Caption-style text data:
______

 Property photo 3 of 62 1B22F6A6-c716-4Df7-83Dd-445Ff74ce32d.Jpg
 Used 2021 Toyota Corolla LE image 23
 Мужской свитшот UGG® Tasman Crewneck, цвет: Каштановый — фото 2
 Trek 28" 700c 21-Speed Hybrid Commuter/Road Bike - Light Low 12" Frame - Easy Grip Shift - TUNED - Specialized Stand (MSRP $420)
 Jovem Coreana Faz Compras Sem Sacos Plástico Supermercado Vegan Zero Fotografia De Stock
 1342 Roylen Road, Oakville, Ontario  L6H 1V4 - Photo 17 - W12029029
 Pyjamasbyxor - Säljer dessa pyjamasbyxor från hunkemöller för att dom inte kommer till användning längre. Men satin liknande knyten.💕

______

Goal of the exercise: Print the entries above exactly as they were written, down to the last line.

Response to the task:
 Property photo 3 of 62 1B22F6A6-c716-4Df7-83Dd-445Ff74ce32d.Jpg
 Used 2021 Toyota Corolla LE image 23
 Мужской свитшот UGG® Tasman Crewneck, цвет: Каштановый — фото 2
 Trek 28" 700c 21-Speed Hybrid Commuter/Road Bike - Light Low 12" Frame - Easy Grip Shift - TUNED - Specialized Stand (MSRP $420)
 Jovem Coreana Faz Compras Sem Sacos Plástico Supermercado Vegan Zero Fotografia De Stock
 1342 Roylen Road, Oakville, Ontario  L6H 1V4 - Photo 17 - W12029029
 Pyjamasbyxor - Säljer dessa pyjamasbyxor från hunkemöller för att dom inte kommer till användning längre. Men satin liknande knyten.💕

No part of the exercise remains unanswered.